[Captioned web image data]
=== Begin Enclosure ===

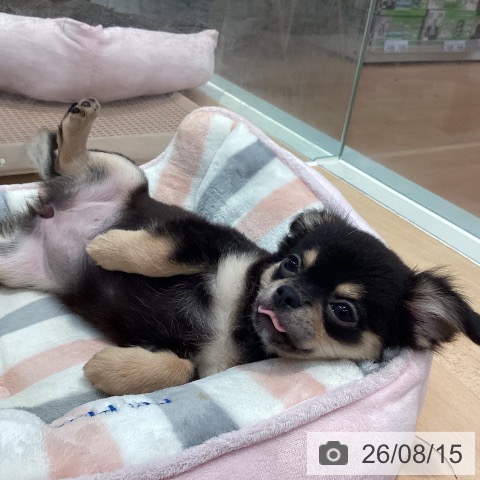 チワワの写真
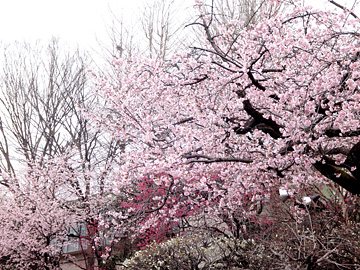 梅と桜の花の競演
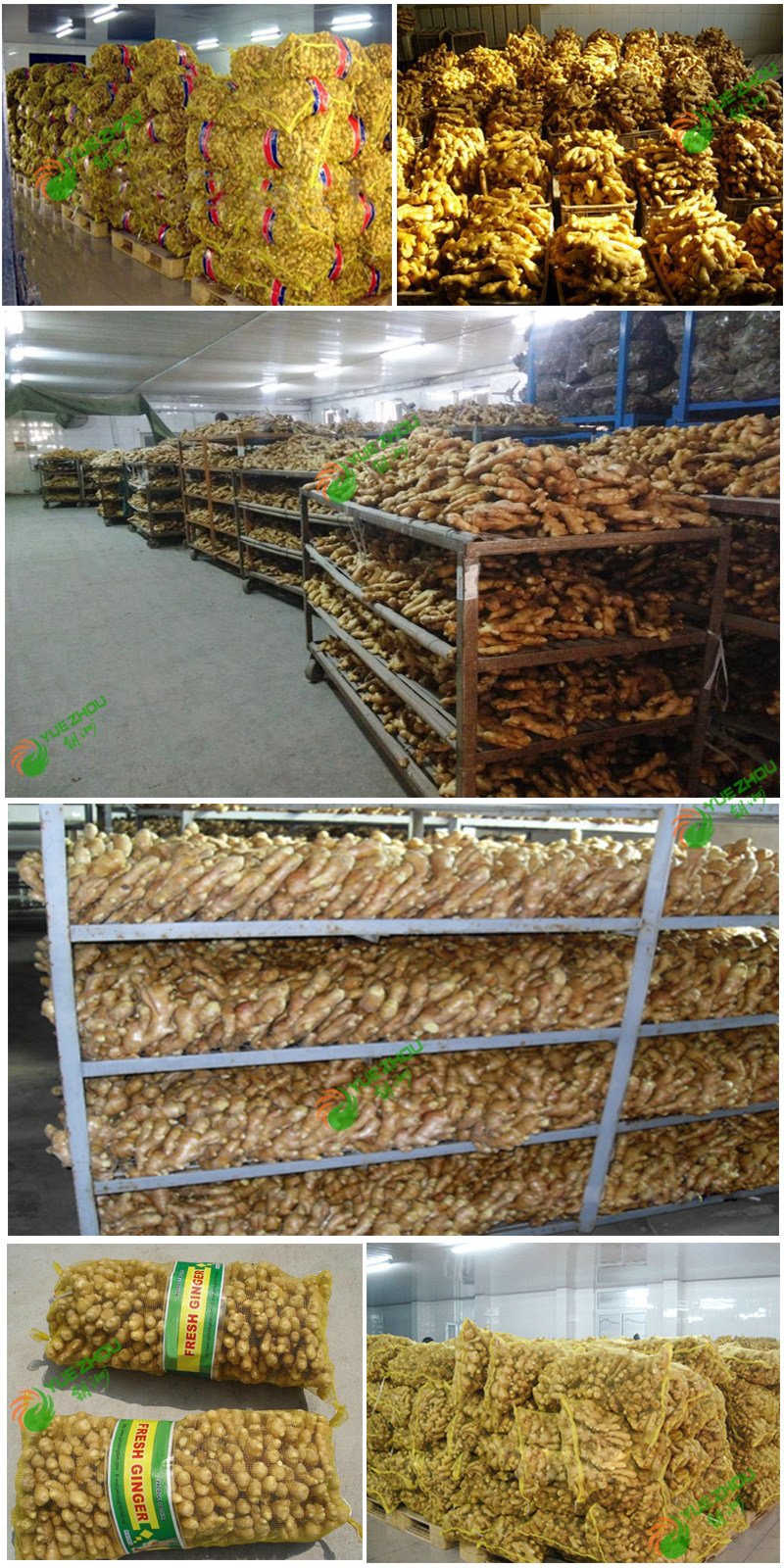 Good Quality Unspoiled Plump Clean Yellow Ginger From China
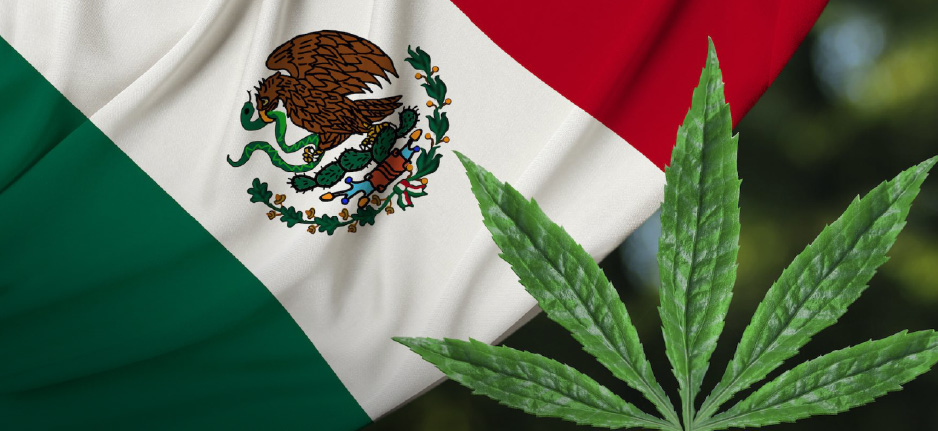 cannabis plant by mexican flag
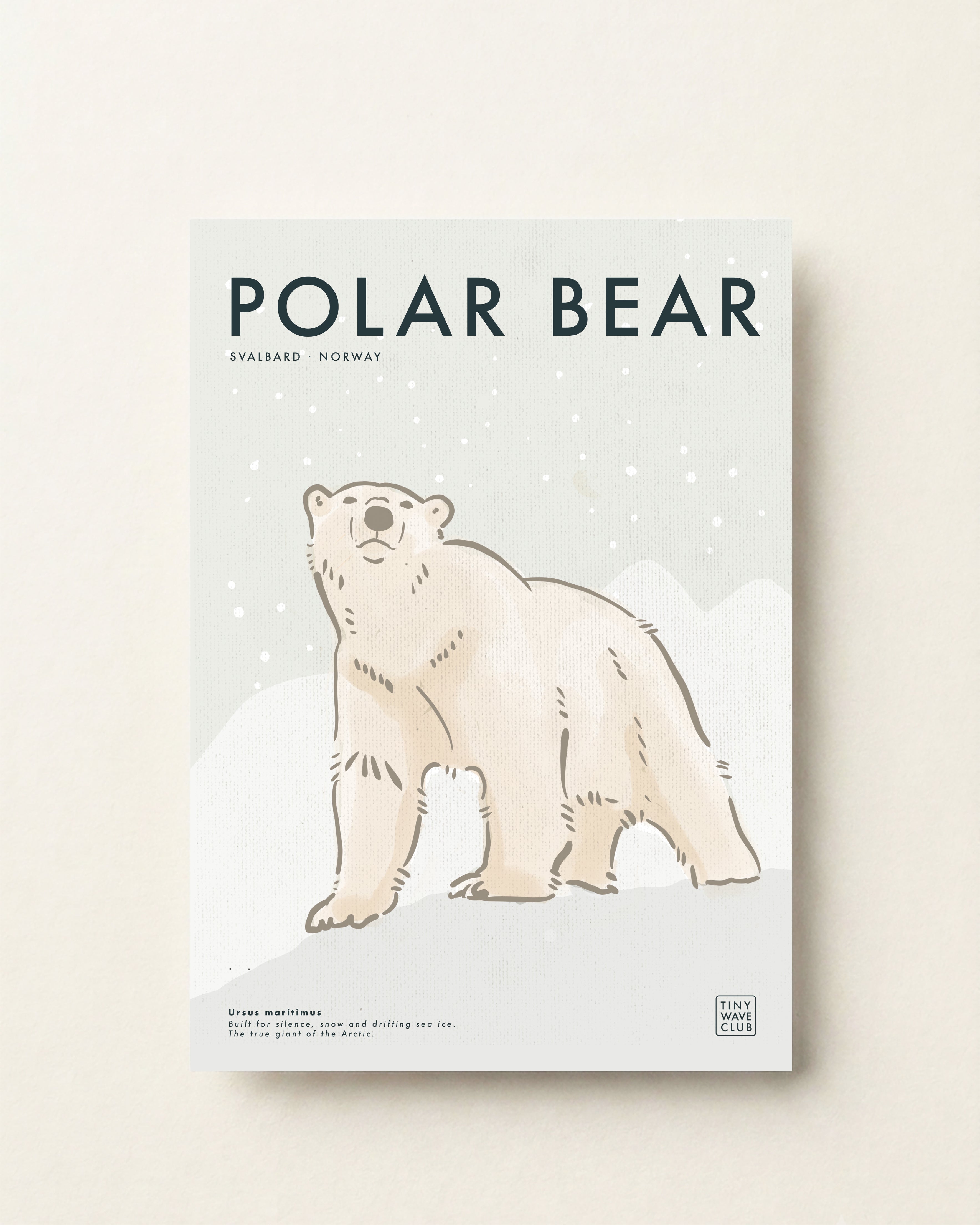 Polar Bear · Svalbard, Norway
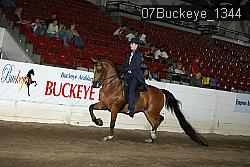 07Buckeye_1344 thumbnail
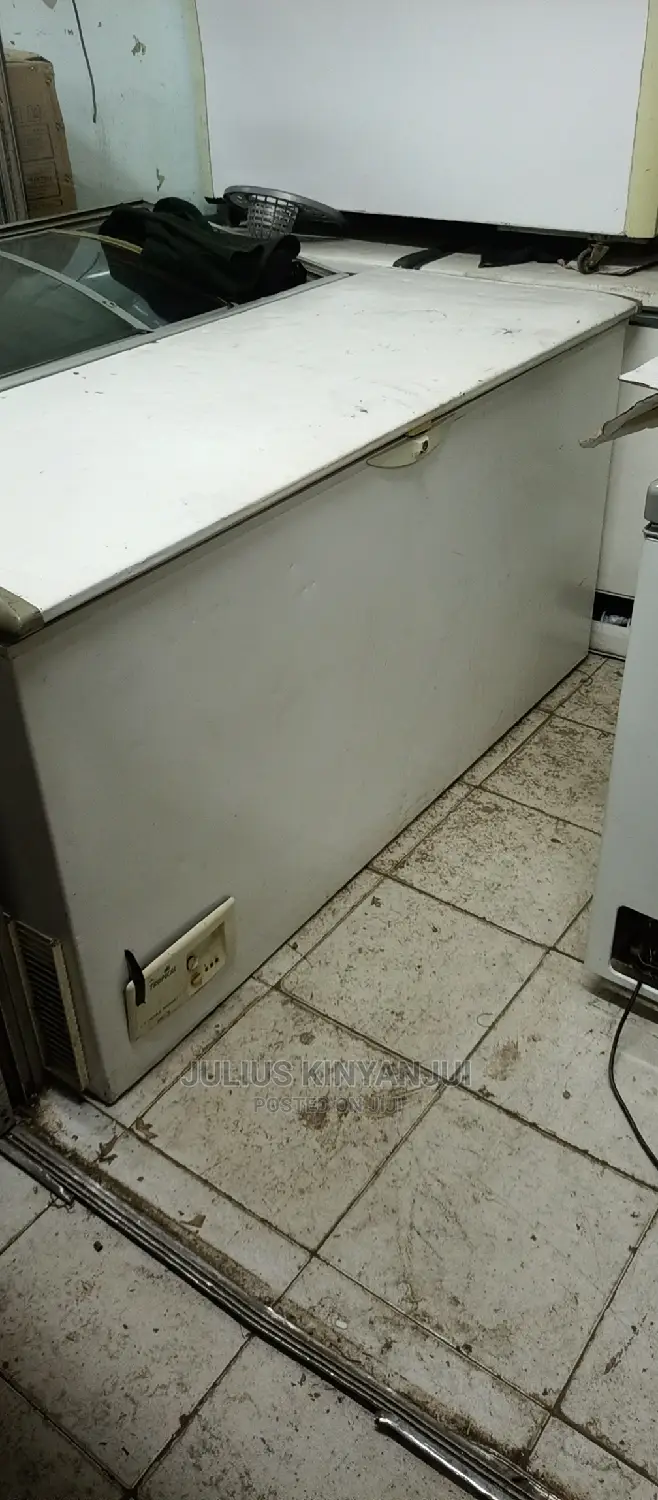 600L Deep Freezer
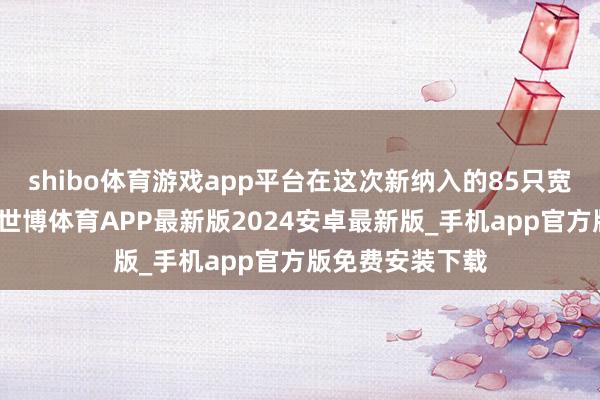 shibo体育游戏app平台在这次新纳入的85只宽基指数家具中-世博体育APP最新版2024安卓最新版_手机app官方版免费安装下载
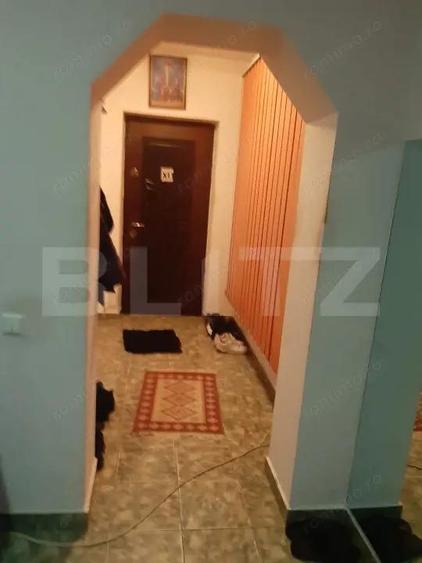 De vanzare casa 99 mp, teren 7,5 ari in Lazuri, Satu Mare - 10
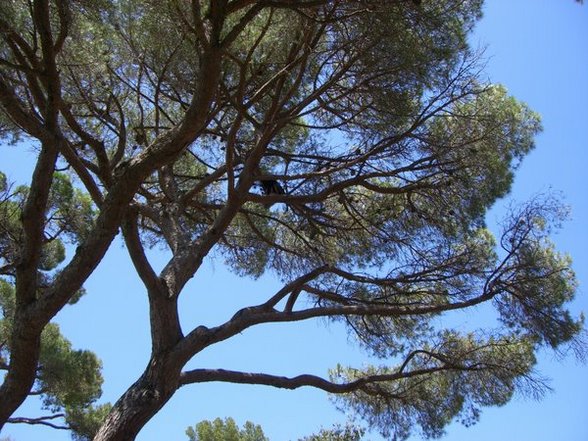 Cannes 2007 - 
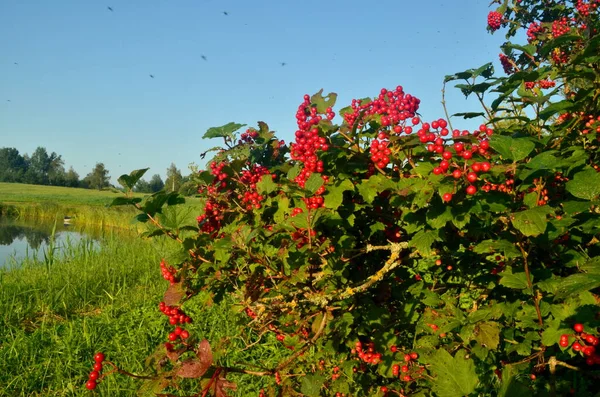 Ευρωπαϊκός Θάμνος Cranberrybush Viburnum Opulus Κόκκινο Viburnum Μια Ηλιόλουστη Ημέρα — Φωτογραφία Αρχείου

=== End Enclosure ===

(Task item) Output nothing but the entries above, exactly, once the pictures are removed.

(Result of the exercise)
 チワワの写真
 梅と桜の花の競演
 Good Quality Unspoiled Plump Clean Yellow Ginger From China
 cannabis plant by mexican flag
 Polar Bear · Svalbard, Norway
 07Buckeye_1344 thumbnail
 600L Deep Freezer
 shibo体育游戏app平台在这次新纳入的85只宽基指数家具中-世博体育APP最新版2024安卓最新版_手机app官方版免费安装下载
 De vanzare casa 99 mp, teren 7,5 ari in Lazuri, Satu Mare - 10
 Cannes 2007 - 
 Ευρωπαϊκός Θάμνος Cranberrybush Viburnum Opulus Κόκκινο Viburnum Μια Ηλιόλουστη Ημέρα — Φωτογραφία Αρχείου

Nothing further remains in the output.